I’ve been in the RNA field for over 40 years and our knowledge of the genome and what we call the dark genome, which are RNAs expressed but don’t code for anything and are capable of regulating gene expression, have increased exponentially.
"I’ve been in the RNA field for over 40 years and our knowledge of the genome and what we call the dark genome, which are RNAs expressed but don’t code for anything and are capable of regulating gene expression, have increased exponentially."
Share with us a little about the work you did in HIV with RNA?
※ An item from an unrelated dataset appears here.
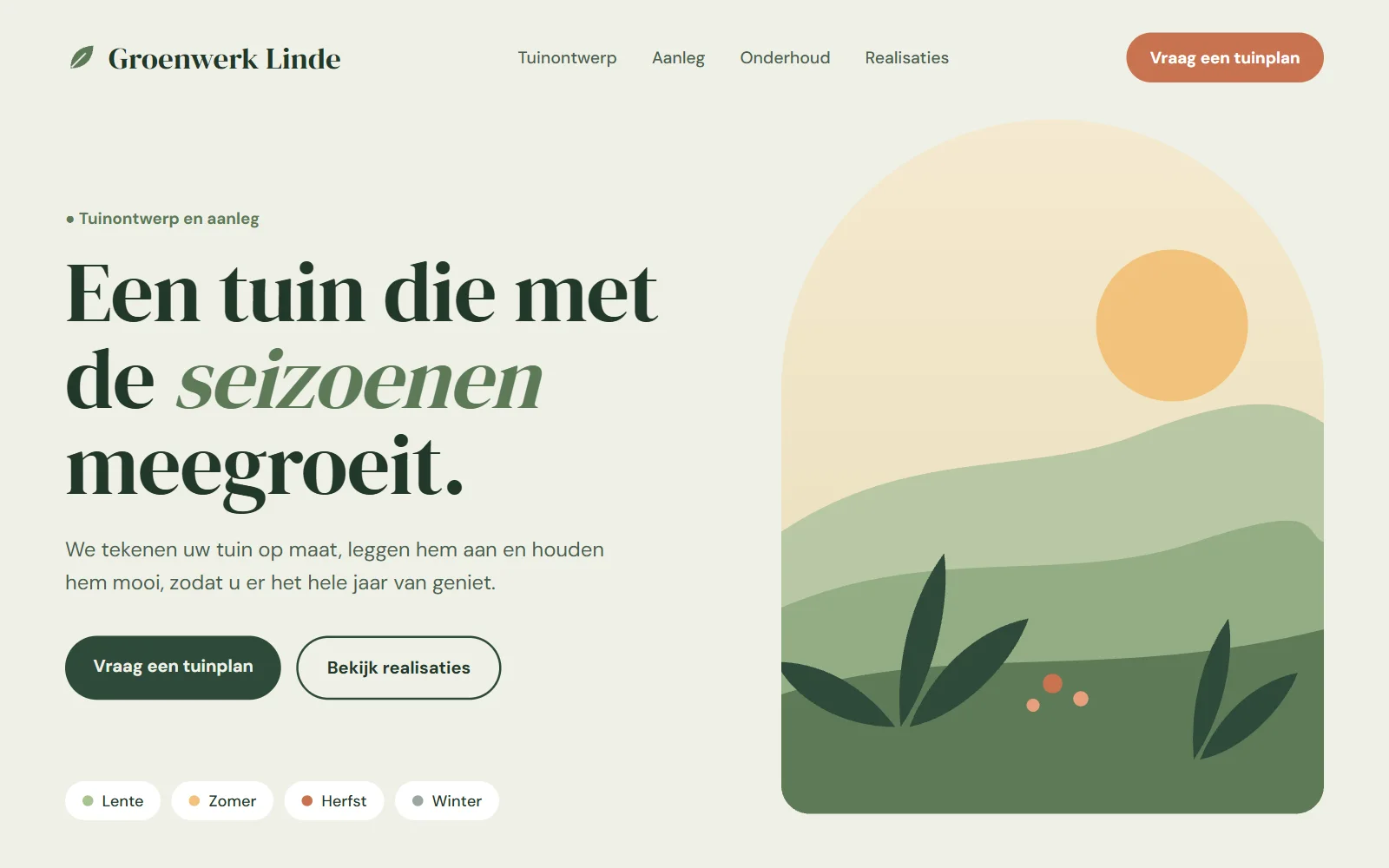 Stijlconcept Groenwerk Linde: zachtgroene achtergrond, een getekend landschap in een boog en een ronde klassieke letter.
We first developed catalytic RNAS that targeted and cleaved the HIV RNA genome. We used this in a fence therapy setting to treat HIV patients using autologous hematopoietic stem cell therapies in a small trial of ten patients. We next used a combinatorial RNA therapy in this same setting in which we combined an siRNA targeting HIV with a ribozyme that degraded the chemo chine receptor CCR4 and a third RNA decoy that bound and sequestered the HIV Rev protein. This triple combination circumvented HIV escape mutants and several of the patients receiving this therapy are alive and well today.
How similar/different are the mechanisms of resistance of cancer versus HIV, and how much is transferable about immunotherapy for oncology?
The difference between HIV and cancer resistance to RNA therapies is that HIV replicates with an error-prone enzyme reverse transcriptase generating many mutations per replication cycle. Cancer cells escape RNA therapies by selective motions in the oncogenes and suppression of immunological cells. Thus, RAS can be used to inactivate immunologic suppression.
What are some of the specific discoveries that have excited you about RNA’s use for immuno-oncology?
I’m excited about long non-coding RNAs, which have become very prominent in the RNA field. They bind proteins that regulate and activate the immunity. Dysregulated oncogenes, which are called microRNAs, are potentially active in cancer gene expression and can be targeted. Circular RNAs are fascinating. They’re very stable and unusual. We’ve known about them for a long time but are using them more in therapeutics.
What’s next for your work?
We’re trying to develop drugs that can be delivered by injection with our aptamers. Our transferrin receptor-aptamer can be delivered subcutaneously by a simple injection. It goes to the brain, and across the entire body. That’s a big breakthrough that we’ll be publishing very soon.